Well I am in the process of making about 10 different ones of these with Whiskeys that I own. These will be framed with different finishes on them that I will do. I decided to do the Jack Daniels one today.

Rob

To see more mirrors that are painted or decorative at www.Antiqued-mirrors.com


----------



## JNLP (Dec 13, 2007)

That looks great! :thumbup:

Out of curiousity, how much would you sell something like that for?


----------



## FoilEffects (Dec 19, 2007)

General rule of thumb I do not sell copywritten logos, however this is a 12x17" piece of 1/8" glass that has custom antiqued mirrored lettering with a painted background. So for that size it would be $50 plus shipping if I was shipping out of the state and plus tax if it was getting picked up.
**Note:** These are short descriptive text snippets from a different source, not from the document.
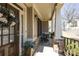 Covered porch features stone accents, seating and decorative floral wreath at 4012 Grand Park Ne Dr, Suwanee, GA 30024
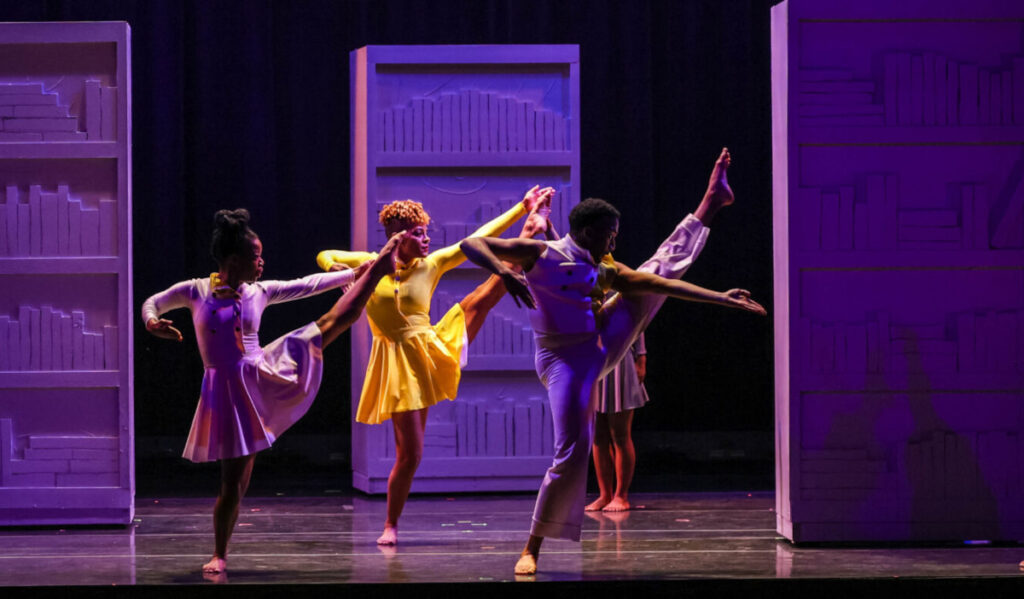 Three dancers on stage with a leg lifted high in purple and yellow light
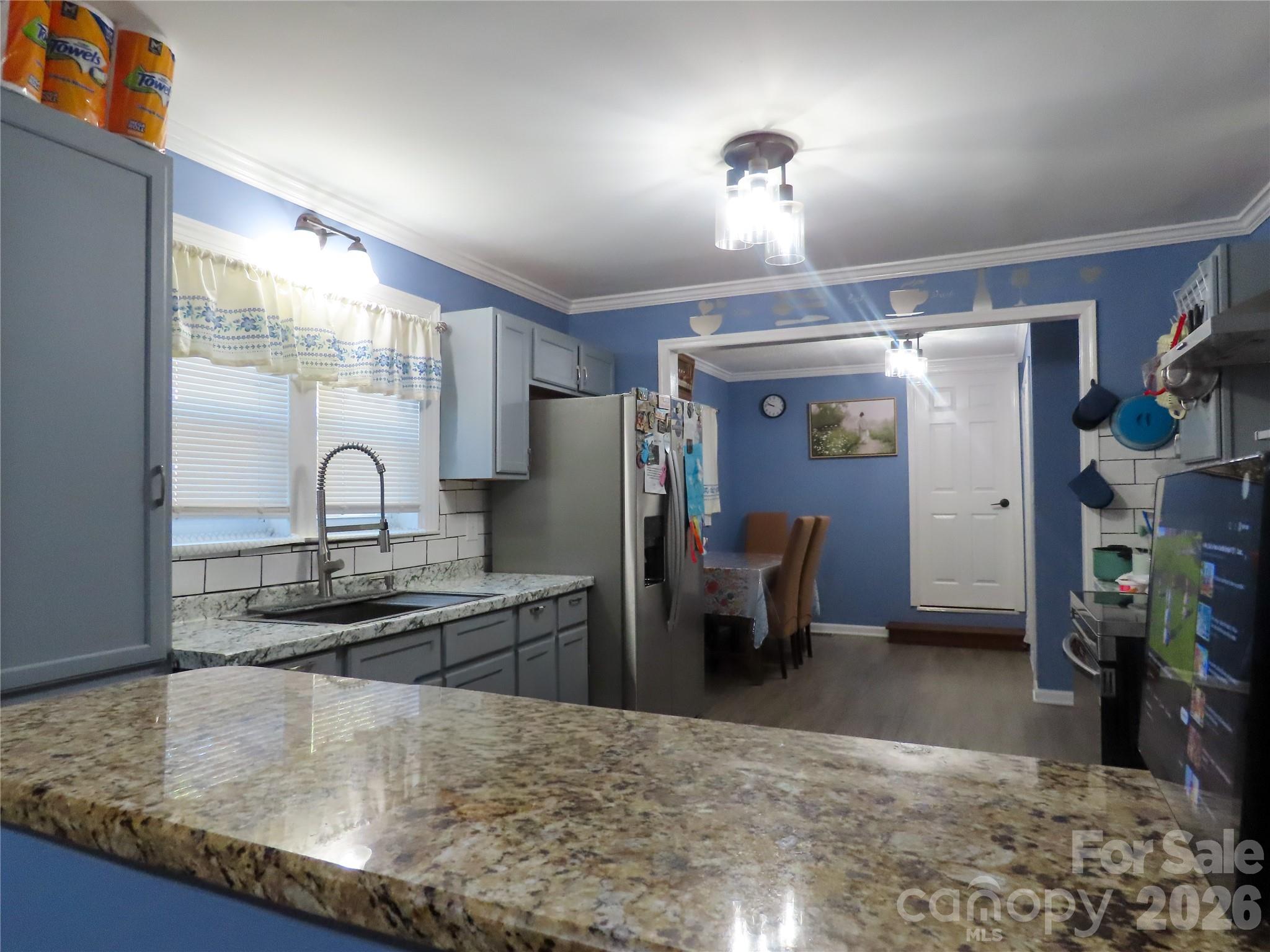 214 West Springs Street Lancaster, SC 29720 - Photo 8 of 33 a kitchen with kitchen island a sink stove and refrigerator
I do all kinds of crazy requests in glass and in mirror and prices range per sf for just normal antiquing from $35 to something crazy $125 per sf. The mirror below the homeowner had there glass guy cut and they paid for the glass so all I paid for was about $15 worth of materials and 14 hours of labor and the total was $2400.:whistling2:

Check out my website at www.Antiqued-Mirrors.com


----------



## JNLP (Dec 13, 2007)

Not bad! :thumbup:

As for the copyrights... What would happen if you would decide to make those and sell them somewhere like ebay. Could you get in legal trouble? If you can, but really wanted to sell them, you think it's possible to get permission?


----------



## FoilEffects (Dec 19, 2007)

I can make those mirrors for personal use, samples of what I do and I can also make them for any autherized dealer or distributor (which in this case would include bars, taverns, liquer stores and so on). Sure I can make them and sell them on Ebay as long as I dont mass market it but at the same time it is someone elses artwork. Sometimes I sell old samples like this and really it is not a big deal but I mean I couldnt go on ebay and post 10 for sale without paying a royality to the company and I would have to have permission from them.


----------